Y el objetivo de estas organizaciones tenía que ser la llegada al poder del movimiento en ese Estado. De
modo similar, para el movimiento nacional, el objetivo llegó a ser el poder estatal en un Estado particular.
Con toda seguridad, la autoridad de este Estado era por definición lo que preocupaba al movimiento
nacional. En ocasiones, tal movimiento buscaba la creación un Estado totalmente nuevo, bien por secesión,
bien por fusión, pero en otros casos este «nuevo Estado» podía haber existido ya en forma de entidad
administrativa colonial o regional.
El hecho de que ambas variedades de movimiento definieran los mismos objetivos estratégicos
explica su sentido de recíproca rivalidad, particularmente cuando un movimiento obrero intentaba obtener el
poder en una entidad de la cual, un movimiento nacional dado, pretendía separar una zona con el fin de crear
un nuevo Estado.
La existencia de objetivos paralelos, obtener el poder del Estado, condujo a un debate interno similar
sobre el modo de obtenerlo, que podría definirse, en términos polares, como la senda legal de persuasión
política versus la senda ilegal de la fuerza insurreccional. Este par se ha denominado habitualmente reforma
versus revolución, pero estos dos términos han llegado a estar tan sobrecargados de polémicas y confusión
que hoy obscurecen más que ayudan al análisis.

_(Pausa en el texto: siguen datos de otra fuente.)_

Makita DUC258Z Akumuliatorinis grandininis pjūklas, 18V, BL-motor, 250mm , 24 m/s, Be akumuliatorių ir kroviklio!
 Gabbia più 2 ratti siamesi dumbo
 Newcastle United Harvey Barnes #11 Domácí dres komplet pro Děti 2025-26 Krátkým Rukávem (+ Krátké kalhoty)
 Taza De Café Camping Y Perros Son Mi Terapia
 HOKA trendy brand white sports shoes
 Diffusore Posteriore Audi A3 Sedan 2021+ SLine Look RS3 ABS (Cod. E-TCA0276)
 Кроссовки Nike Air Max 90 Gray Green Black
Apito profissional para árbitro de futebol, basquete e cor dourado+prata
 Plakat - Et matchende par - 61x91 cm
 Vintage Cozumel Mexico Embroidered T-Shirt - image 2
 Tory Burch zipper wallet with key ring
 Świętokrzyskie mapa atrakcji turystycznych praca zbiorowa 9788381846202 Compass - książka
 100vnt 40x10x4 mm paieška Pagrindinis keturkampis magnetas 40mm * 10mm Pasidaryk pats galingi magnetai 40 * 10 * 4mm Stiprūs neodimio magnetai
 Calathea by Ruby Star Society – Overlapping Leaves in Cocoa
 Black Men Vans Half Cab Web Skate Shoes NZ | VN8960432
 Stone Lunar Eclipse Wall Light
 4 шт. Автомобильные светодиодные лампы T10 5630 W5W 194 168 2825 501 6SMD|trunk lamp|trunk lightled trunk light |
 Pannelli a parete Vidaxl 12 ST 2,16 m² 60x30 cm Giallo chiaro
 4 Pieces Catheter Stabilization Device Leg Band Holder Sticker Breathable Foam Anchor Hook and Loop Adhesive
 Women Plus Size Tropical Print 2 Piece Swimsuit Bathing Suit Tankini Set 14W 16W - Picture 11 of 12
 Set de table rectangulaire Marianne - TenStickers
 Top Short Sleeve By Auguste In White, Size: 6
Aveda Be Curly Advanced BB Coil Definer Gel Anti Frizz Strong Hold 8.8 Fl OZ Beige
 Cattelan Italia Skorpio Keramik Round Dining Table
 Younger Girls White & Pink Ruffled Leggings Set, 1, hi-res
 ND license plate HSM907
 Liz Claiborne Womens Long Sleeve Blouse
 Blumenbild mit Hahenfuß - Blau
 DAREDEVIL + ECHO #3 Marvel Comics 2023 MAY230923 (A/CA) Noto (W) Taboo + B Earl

Debe observarse que en el caso de los movimientos sociales, este debate interno culminó, en el
periodo que medió entre la I y la II Guerras Mundiales, con la existencia de dos Internacionales rivales y
fieramente competitivas, la Segunda y la Tercera, que protagonizaron el conflicto entre socialdemócratas y
comunistas. Aunque tanto la Segunda como la Tercera Internacionales afirmaron que compartían el objetivo
del socialismo, que ambas eran movimientos basados en la clase obrera y en la izquierda e incluso (al menos
durante un tiempo) que asumían una idéntica herencia marxista, rápidamente llegaron a oponerse de modo
vehemente, hasta el punto que sus posteriores convergencias políticas ocasionales (los «frentes populares»)
se han considerado, en el mejor de los casos, como tácticas y puntuales. En cierto sentido, esto ha sido así
hasta el momento presente.
Si observamos la geografía de los movimientos, percibimos rápidamente una correlación histórica.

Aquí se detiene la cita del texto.